##### Given information

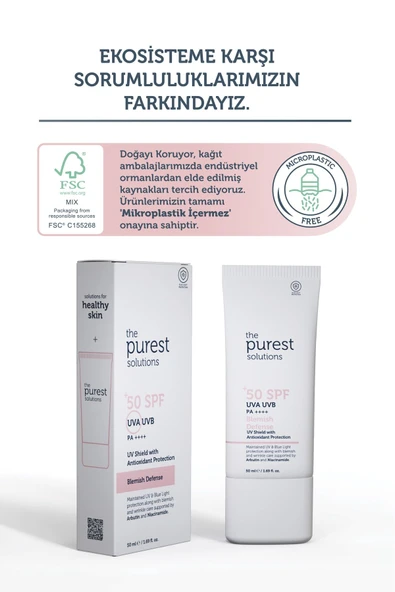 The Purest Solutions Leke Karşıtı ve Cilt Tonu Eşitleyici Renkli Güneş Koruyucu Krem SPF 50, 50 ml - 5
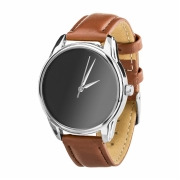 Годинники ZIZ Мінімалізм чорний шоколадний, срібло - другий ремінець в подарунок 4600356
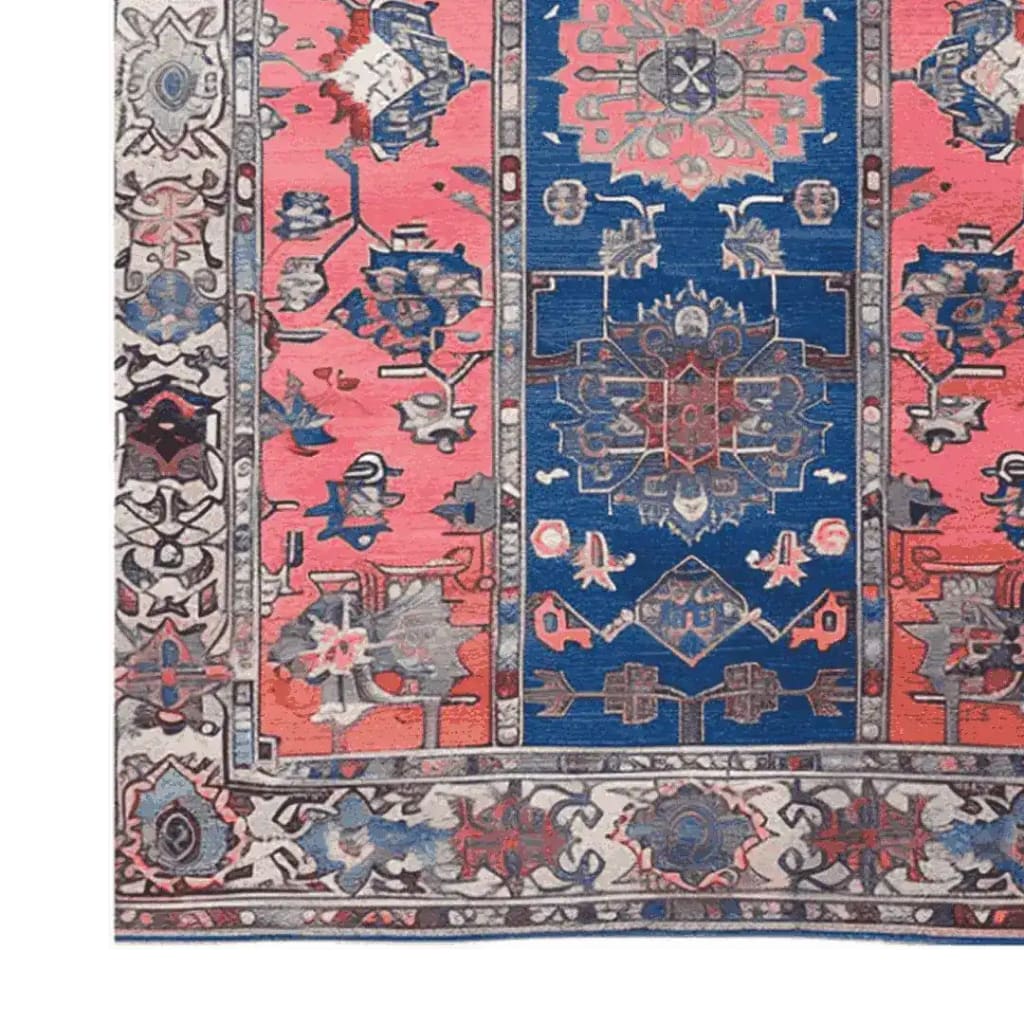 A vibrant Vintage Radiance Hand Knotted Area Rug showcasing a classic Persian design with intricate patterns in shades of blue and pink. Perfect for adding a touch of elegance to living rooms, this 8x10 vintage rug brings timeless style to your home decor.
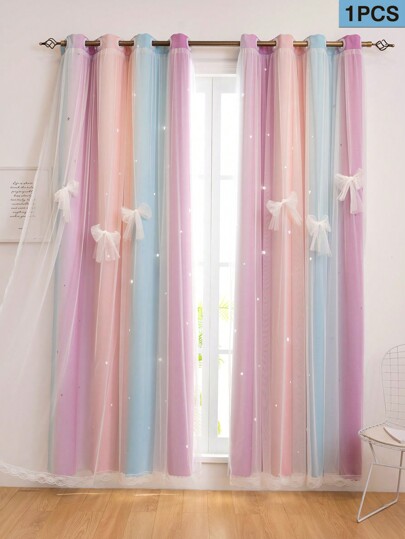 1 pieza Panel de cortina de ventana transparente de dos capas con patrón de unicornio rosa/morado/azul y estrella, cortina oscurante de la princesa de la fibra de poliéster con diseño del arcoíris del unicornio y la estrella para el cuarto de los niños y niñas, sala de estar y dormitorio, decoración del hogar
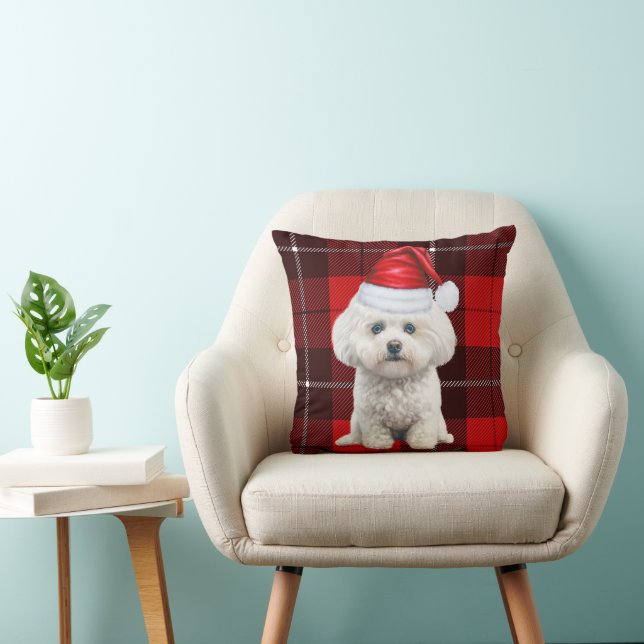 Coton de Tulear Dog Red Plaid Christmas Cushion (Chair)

##########

**Instructions to follow:** An exact copy of the records above is required, leaving out the pictures.

**Problem solution:**
 The Purest Solutions Leke Karşıtı ve Cilt Tonu Eşitleyici Renkli Güneş Koruyucu Krem SPF 50, 50 ml - 5
 Годинники ZIZ Мінімалізм чорний шоколадний, срібло - другий ремінець в подарунок 4600356
 A vibrant Vintage Radiance Hand Knotted Area Rug showcasing a classic Persian design with intricate patterns in shades of blue and pink. Perfect for adding a touch of elegance to living rooms, this 8x10 vintage rug brings timeless style to your home decor.
 1 pieza Panel de cortina de ventana transparente de dos capas con patrón de unicornio rosa/morado/azul y estrella, cortina oscurante de la princesa de la fibra de poliéster con diseño del arcoíris del unicornio y la estrella para el cuarto de los niños y niñas, sala de estar y dormitorio, decoración del hogar
 Coton de Tulear Dog Red Plaid Christmas Cushion (Chair)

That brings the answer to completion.